The blind man didn't want to answer the question, but he knew in the tone of which it was delivered this wasn't a question of one colleague asking another. This was one friend trying to help another, and despite the bubbling rot that seemed to constantly be growing in his chest these past six months, he knew this was a bridge he needed, not one he was ready to burn down.
"What if she doesn't want to be found?" The DC-based tech op asked again, this time successfully catching the other man by surprise.
What if she doesn't want to be found? That question echoed deep inside his head and he felt it reverberate off his bones and veins, leaving his body in a strange sensation of numbness. What if she didn't want him to find her? What if every time he got closer to her, she was purposely sabotaging his efforts to avoid being found? What if when or if he did find her one day, in a way he wouldn't stop at even Earth's end to do, she rejected him?
"Then I need to get a message to her that she needs to find me."
"Fine," the DC based man finally gave in with a hint of pity. Ordinarily Auggie Anderson would reject even any hint of the word, but he was past the point of pushing away pity or help. If he was going to bring back the woman he thought dead for half a year, he was going to use any and all aid thrown his way. He could fix his ego later.
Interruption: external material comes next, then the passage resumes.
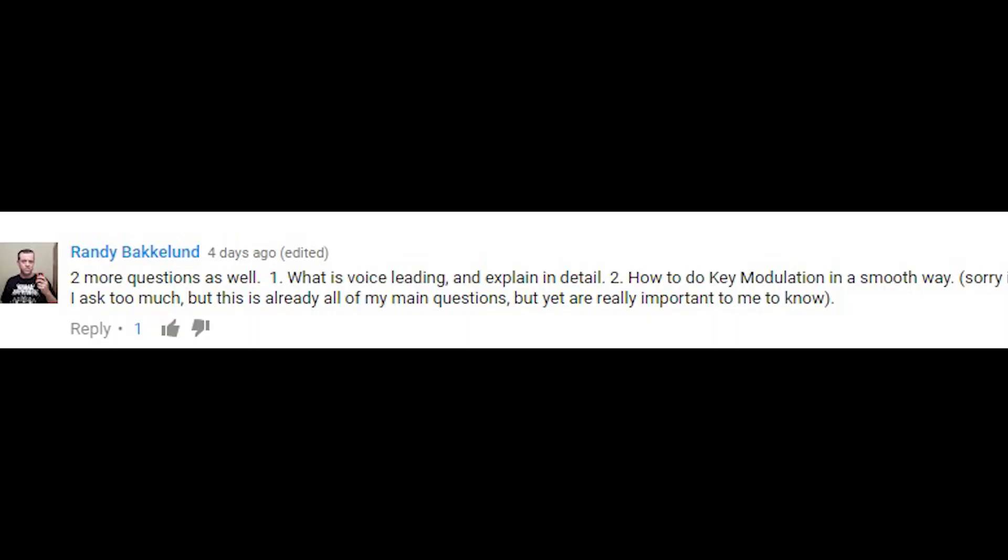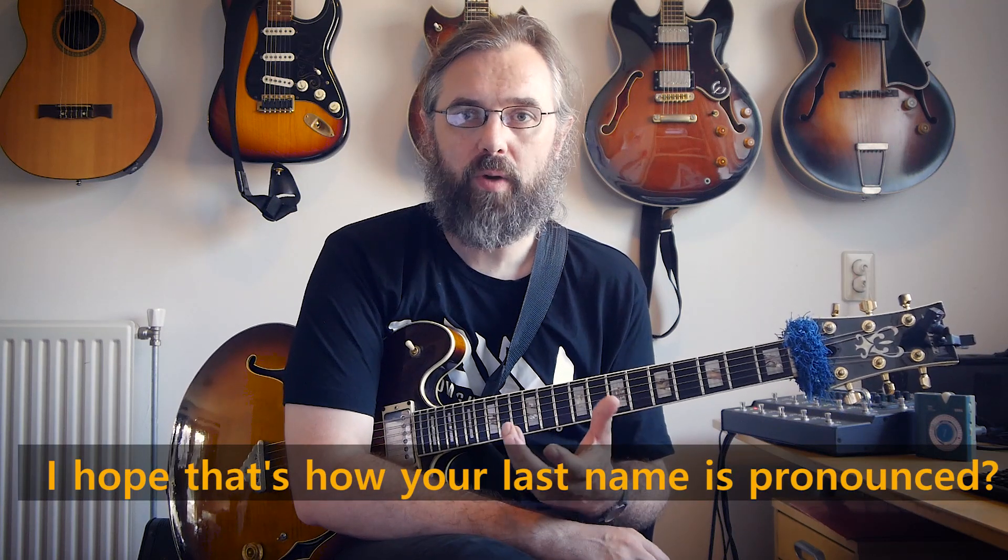Two more questions: one, what is voice leading and explain in detail; two, how to do key modulation in a smooth way. Randy, who asked this question, is also following Gregory Bolomi on his YouTube channel Axe of Creation. Gregory makes videos — I think he's mostly famous for Tool videos, but he's also made some really good videos on Metallica and Pantera, and he has some theory stuff and technique content. Randy asked this question on both my video and Gregory's. I said at first I didn't want to answer because voice leading is a fairly huge topic, but then Gregory answered it, so I thought — well, that's a nice challenge — so I'll try and answer as well.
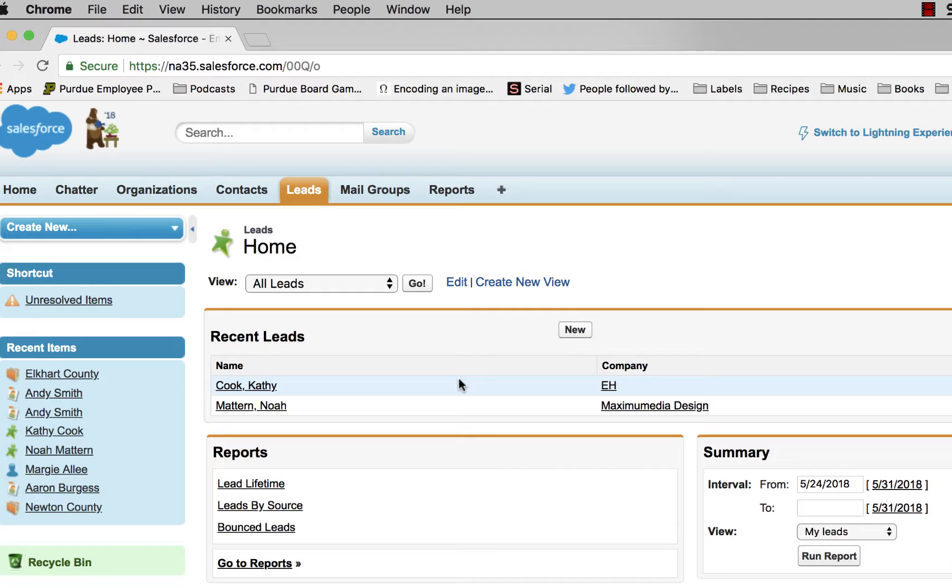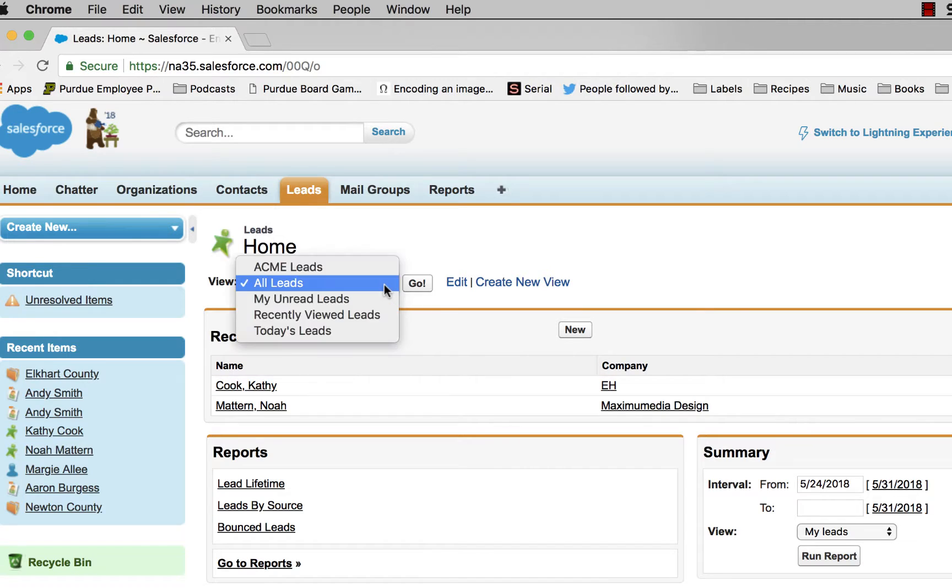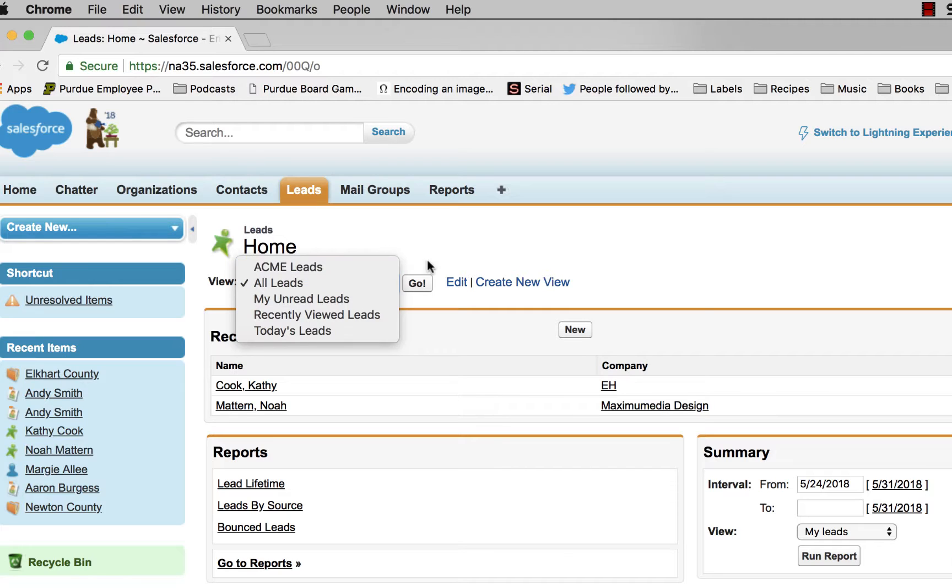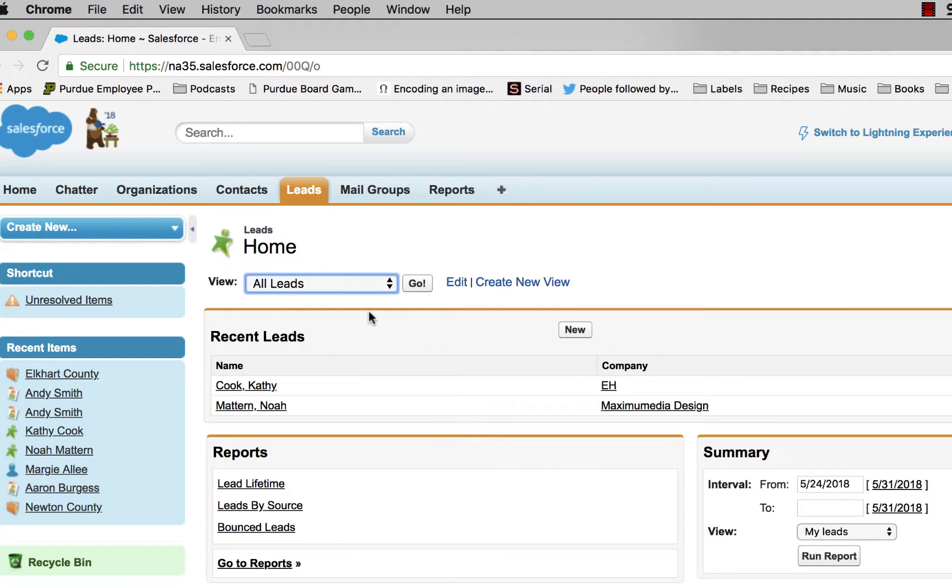So when you go to the lead section, you'll click view and you'll select your county leads, and then go to the view for your leads for your county. In some instances, that contact may be better suited to be managed in a different organization.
"Just promise me something, man," Eric added one last time before his blind friend had a chance to drop a call. Faintly in the background, a low 'ding' announced the arrival of Auggie's requested images. "Find her, bring her back, and marry her so I can get the whole story one day."
Auggie didn't even reply to the request before closing the phone, but the sly look that passed his expression for a moment made obvious that he'd heard, and at least partially appreciated the request.
Auggie heard someone approach his table then and place what he assumed was a bill on his table, so he called them out before they had a chance to walk away.
"Excuse me," his voice carried evenly and loudly enough to attract the attention of anyone who understood any English in the area. "English?" He asked loudly again and hoping he had at least gotten the attention of the waitress who had previously served him. He wasn't fluent in the medley of languages he was picking up in the area, but he knew enough bits and pieces to know this area bordered a town that was very low income, and where Alexandre Dellis had last been seen.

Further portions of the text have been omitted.